Figure 3 visually demonstrates the difference amongst different motion estimation methods on one exemplar subject. The deep learning model trained using supervised strategy performs inferior to its unsupervised counterpart. It can be observed, from the ED frame image reconstructed by deforming the ES frame image, that the supervised method significantly underestimates the deformation and produces some artefacts in the middle of the LV blood pool. The unsupervised method captures the deformation better but violates some topological structure especially around epicardial contour, as illustrated by the folding that can be observed on the deformed meshgrid.

Runtime Advantage. Despite not achieving significant performance advantage over the traditional method, the deep learning models are able to register a sequence of 50 2D frames in 80.05 ms whereas FFD takes 23.18 s. The runtimes are measured and averaged over 100 test subjects.

Fig. 3.
figure 3

Visualisation of motion estimation results. The target ED frame image \(I_{ED}\) is shown on the top left. The rest of the first row shows the ED frame reconstructed by deforming the ES frame image using deformation estimated by the various methods (\(I_{ED}'\)), overlaid by the meshgrid deformed using the same estimated deformation. The second row shows the error maps (with RMSE values) between the reconstructed image and the ED frame.

5 Conclusion and Discussion

In this work, we evaluated and compared the effect of different training strategy on the performance of deep learning registration network on the task of cardiac motion estimation. In terms of accuracy, we found that unsupervised training, which uses only image similarity, outperforms the supervised training strategies.

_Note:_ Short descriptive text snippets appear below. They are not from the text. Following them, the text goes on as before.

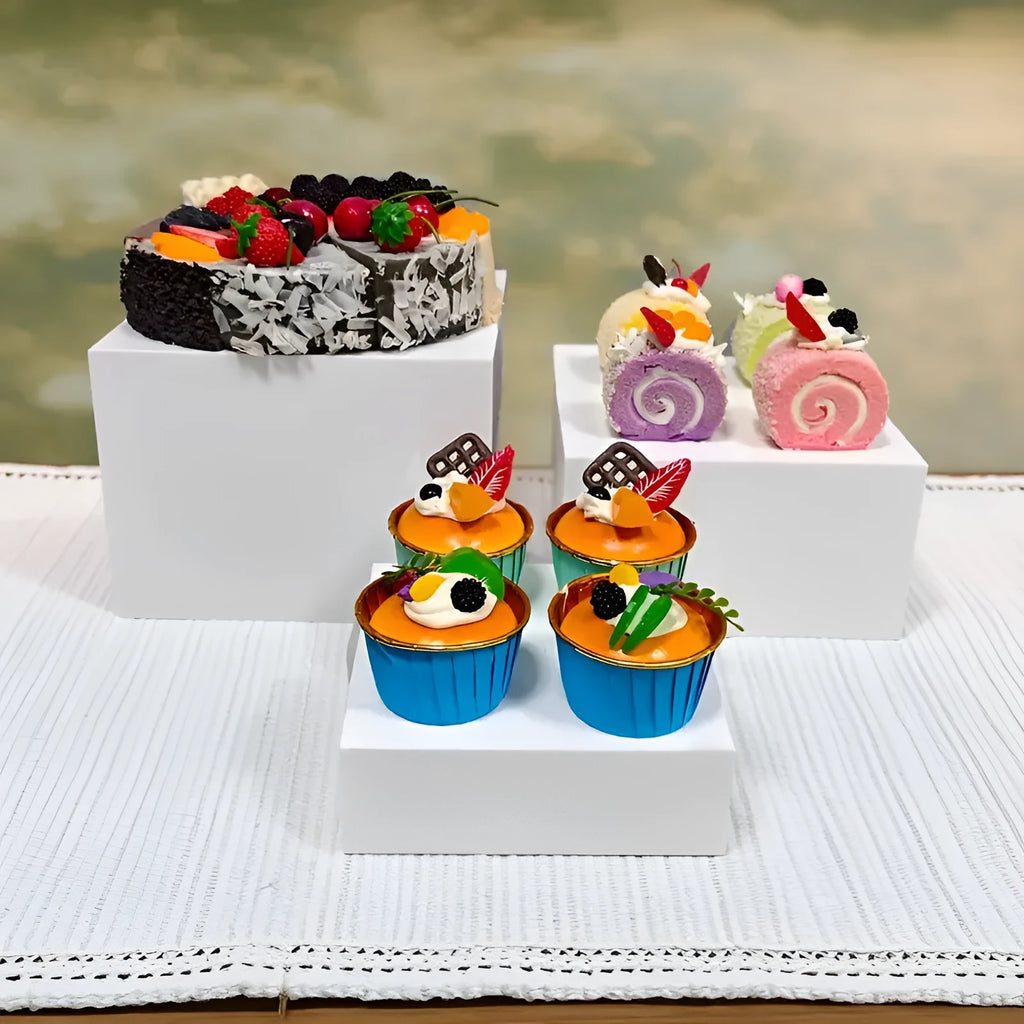 White plastic cube-style dessert display stand with six pieces for cupcakes and cakes.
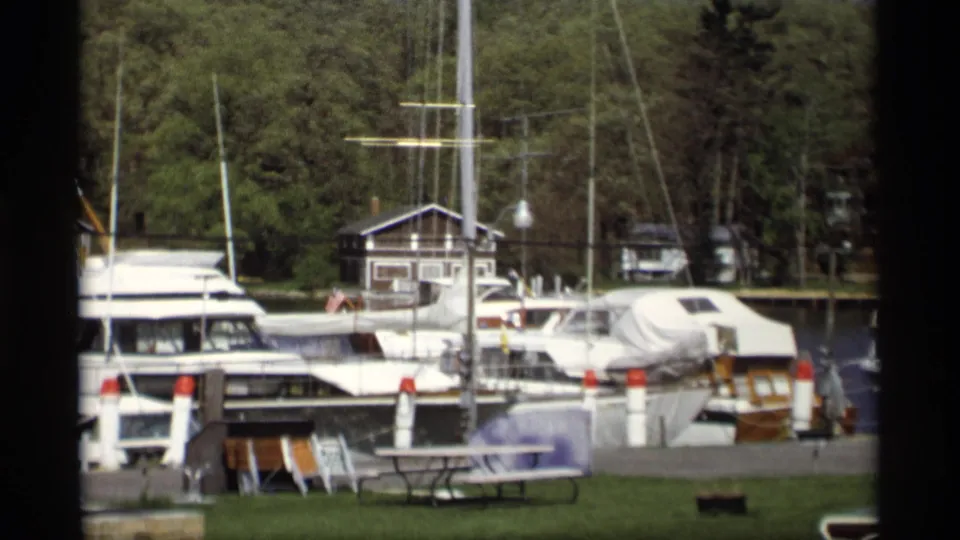 1969 Holland, Michigan marina view with motorboats, sailboat masts, a grassy foreground, wooded background, and a small dockside building.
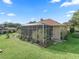 Backyard with a screened lanai, decorative brickwork, lush lawn, and manicured landscaping, creating a serene outdoor oasis at 39023 Griffin Lndg, Lady Lake, FL 32159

This could be attributed to the fact that the unsupervised learning optimise directly on the image intensity difference, while the supervised training is either restricted by the registration error from FFD (“sup+orig.”) or the difference between the testing target images and training target images (“sup+warp”). Although performing inferior on accuracy, the supervised methods produce spatially smoother and more topology-preserving deformation.

The superior regularity of the supervised methods could be a result of inheriting spatial smoothness property from the B-spline basis functions in FFD and further regularisation in the regression. It is also possible that the better regularity can only be achieved while under-estimating deformation. This will be further investigated in the future. Future studies should also include a supervised model trained using randomly generated or permuted deformation ground truth in the comparison. This will help to understand the need for realistic ground truth deformation for the supervised method. Another limitation of the paper is that only two representative supervised and unsupervised designs are experimented whereas a study of more existing methods under the same experimental setting would be able to draw a more general conclusion.